Scan the entries for lines with the word "Women" and copy those lines.

== == ==

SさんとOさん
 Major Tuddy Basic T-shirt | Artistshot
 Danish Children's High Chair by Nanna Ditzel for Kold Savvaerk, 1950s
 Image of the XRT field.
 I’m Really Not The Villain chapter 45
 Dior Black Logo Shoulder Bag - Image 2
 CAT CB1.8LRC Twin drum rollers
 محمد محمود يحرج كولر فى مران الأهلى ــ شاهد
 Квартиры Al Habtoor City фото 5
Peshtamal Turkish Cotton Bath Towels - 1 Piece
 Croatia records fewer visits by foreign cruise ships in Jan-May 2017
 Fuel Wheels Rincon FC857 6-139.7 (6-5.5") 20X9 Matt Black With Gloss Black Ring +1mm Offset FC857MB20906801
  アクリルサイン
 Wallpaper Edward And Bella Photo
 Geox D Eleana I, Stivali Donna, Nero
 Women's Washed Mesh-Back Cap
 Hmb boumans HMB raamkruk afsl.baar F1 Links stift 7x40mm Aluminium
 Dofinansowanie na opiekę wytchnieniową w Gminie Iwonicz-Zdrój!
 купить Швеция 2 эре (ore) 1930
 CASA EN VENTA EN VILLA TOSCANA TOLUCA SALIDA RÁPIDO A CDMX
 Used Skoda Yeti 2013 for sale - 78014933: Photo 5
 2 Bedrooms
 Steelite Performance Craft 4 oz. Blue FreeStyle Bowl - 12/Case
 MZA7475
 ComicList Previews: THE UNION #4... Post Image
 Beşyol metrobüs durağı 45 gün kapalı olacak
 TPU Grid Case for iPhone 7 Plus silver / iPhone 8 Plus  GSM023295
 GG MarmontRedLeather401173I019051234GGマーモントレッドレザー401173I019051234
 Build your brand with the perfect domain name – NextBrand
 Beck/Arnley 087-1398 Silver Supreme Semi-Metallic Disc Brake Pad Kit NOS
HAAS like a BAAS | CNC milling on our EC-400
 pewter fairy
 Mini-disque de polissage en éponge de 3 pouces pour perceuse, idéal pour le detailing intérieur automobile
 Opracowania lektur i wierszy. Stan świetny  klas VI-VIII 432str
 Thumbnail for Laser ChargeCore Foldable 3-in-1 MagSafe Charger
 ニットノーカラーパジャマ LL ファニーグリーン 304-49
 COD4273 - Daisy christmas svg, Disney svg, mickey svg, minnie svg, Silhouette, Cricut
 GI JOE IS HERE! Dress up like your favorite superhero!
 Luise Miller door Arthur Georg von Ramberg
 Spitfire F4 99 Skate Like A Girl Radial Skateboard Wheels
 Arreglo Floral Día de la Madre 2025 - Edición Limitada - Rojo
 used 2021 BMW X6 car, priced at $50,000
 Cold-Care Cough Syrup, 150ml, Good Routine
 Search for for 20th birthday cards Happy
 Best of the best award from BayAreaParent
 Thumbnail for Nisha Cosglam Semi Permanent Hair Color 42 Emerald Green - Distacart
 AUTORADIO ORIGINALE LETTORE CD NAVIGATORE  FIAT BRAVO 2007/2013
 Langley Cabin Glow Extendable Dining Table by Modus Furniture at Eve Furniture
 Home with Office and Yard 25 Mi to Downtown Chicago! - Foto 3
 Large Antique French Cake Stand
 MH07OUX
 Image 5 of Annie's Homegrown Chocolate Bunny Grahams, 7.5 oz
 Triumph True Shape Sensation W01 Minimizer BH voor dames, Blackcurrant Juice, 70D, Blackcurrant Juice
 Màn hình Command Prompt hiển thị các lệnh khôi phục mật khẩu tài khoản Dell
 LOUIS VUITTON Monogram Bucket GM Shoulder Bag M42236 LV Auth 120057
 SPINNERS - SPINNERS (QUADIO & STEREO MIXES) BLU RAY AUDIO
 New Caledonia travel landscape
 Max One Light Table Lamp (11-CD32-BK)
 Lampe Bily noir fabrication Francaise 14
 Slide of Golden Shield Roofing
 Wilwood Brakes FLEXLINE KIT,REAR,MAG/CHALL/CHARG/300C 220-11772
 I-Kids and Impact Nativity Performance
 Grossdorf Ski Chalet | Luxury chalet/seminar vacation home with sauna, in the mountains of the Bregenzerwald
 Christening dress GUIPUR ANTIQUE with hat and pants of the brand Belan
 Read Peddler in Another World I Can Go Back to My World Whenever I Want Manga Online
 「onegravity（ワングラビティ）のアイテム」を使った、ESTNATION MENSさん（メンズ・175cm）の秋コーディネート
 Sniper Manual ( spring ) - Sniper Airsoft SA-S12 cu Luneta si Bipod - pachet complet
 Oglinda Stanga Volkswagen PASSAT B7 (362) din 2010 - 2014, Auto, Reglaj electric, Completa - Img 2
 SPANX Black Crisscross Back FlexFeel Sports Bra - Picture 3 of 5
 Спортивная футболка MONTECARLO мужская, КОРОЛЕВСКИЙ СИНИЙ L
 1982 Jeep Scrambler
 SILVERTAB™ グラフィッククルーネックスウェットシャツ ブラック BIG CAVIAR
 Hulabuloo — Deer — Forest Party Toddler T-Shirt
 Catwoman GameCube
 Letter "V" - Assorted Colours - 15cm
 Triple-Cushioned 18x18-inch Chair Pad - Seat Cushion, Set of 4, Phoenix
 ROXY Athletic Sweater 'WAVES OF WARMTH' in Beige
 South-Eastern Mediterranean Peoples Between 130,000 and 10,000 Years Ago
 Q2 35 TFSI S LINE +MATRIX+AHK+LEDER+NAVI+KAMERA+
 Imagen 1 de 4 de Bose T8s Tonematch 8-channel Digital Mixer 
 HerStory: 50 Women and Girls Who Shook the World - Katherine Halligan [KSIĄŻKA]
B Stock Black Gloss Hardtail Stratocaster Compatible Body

== == ==

> Written response
 Women's Washed Mesh-Back Cap
 HerStory: 50 Women and Girls Who Shook the World - Katherine Halligan [KSIĄŻKA]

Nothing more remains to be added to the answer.